Тени на потолке исчезли. Лампа оказалась выше людей. Ее желтый глаз под абажуром не видел, чем они занимались. Лишь изредка в освещенный круг попадали пальцы, сжимавшие простынь, и обнаженные ноги, дергавшиеся в неистовом напряжении.
From: [email protected]
To: [email protected]
Ты чем там занимаешься? Его вот-вот приберут к рукам японцы! Он ускользает! Не давай ему расслабиться. Неужели трудно понять, его мозги — наша единственная надежда. Лучше его убить, чем отдать другим!
From: [email protected]
To: [email protected]
А что делаешь ты? Почему до сих пор не можешь соблазнить заблудшую овечку? Может, этим заняться мне? Наверняка у меня получится лучше.
Счастье ласкало и обволакивало. Антон Шувалов не помнил, чтобы он когда-нибудь пребывал в таком прекрасном настроении. После примирения с женой они подарили друг другу удивительную ночь, когда два истосковавшихся человека задыхались от страсти, и каждый стремился отдать другому больше, чем получить взамен.

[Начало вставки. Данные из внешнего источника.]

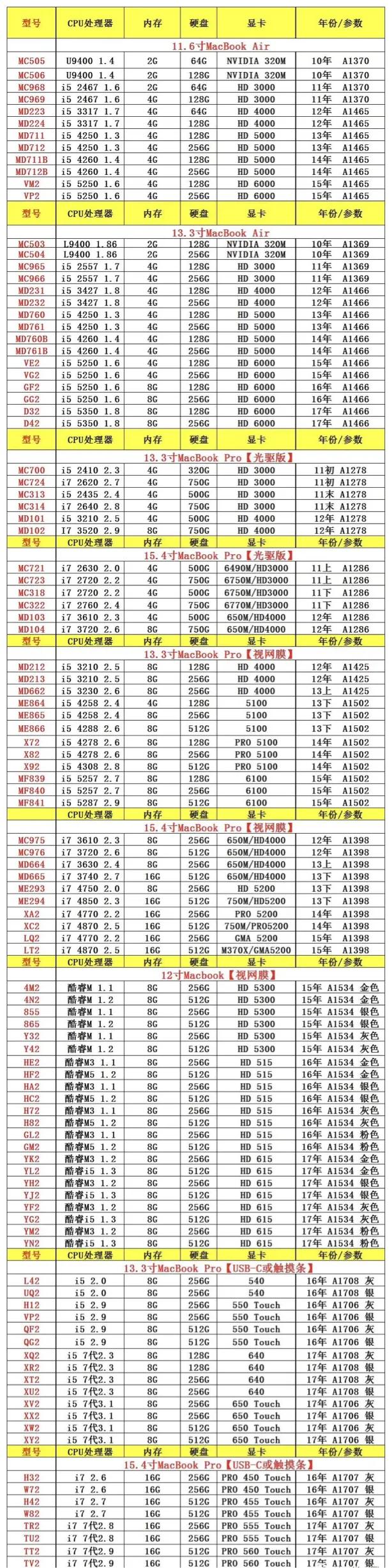 最新苹果电脑，技术与设计的极致融合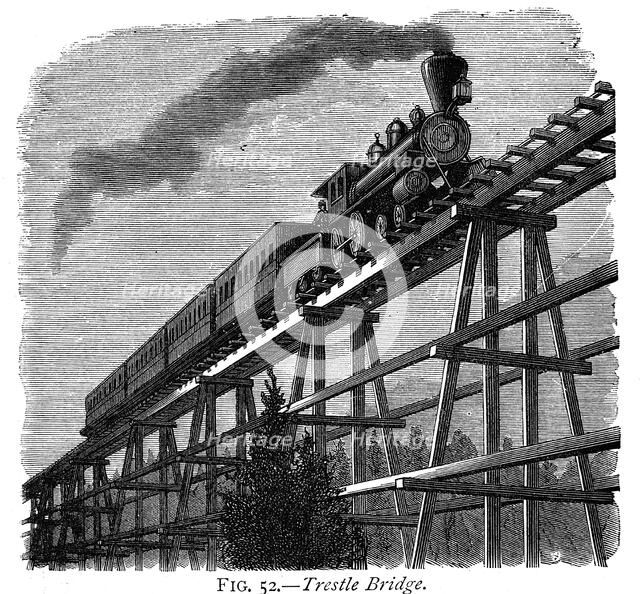 Train crossing a wooden trestle bridge on the Union Pacific Railroad, Wyoming, USA, c1870. Artist: Unknown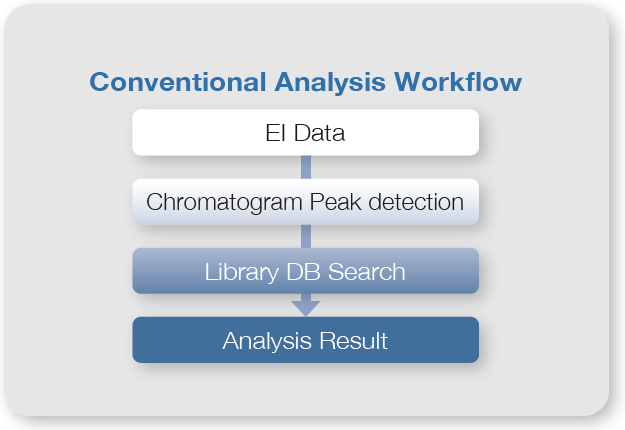 Conventional Qualitative Analysis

Утром Антон отвел Сашу в школу. Он успел о многом поговорить с сыном, открывая неизведанное для себя удовольствие от общения на извечные детские темы, которые для шестилетнего мальчика кажутся самыми важными на Земле. Потом настало время вспомнить о науке. Он позвонил и убедился, что Кейджи Танака чувствует себя хорошо, а имплантированные нейрочипы посылают правильные сигналы на компьютер.
Его позабавил звонок Николая Наумова из Америки. Оказывается, ему в три адреса послано приглашение на конференцию в Бостон: в Институт нейронауки, на квартиры жены и родителей, а в посольстве США готовы мгновенно оформить долгосрочную визу. Но Шувалов в Бостон даже тезисы не посылал. Это не проблема, заверял Наумов. Громкое имя откроет любые двери. Его по-прежнему зовут возглавить лабораторию, и конференция — отличный повод на месте обсудить детали серьезного предложения. Шувалов был настолько счастлив своим нынешним состоянием, что позволил себе анекдот об американцах, чем, кажется, обидел Наумова.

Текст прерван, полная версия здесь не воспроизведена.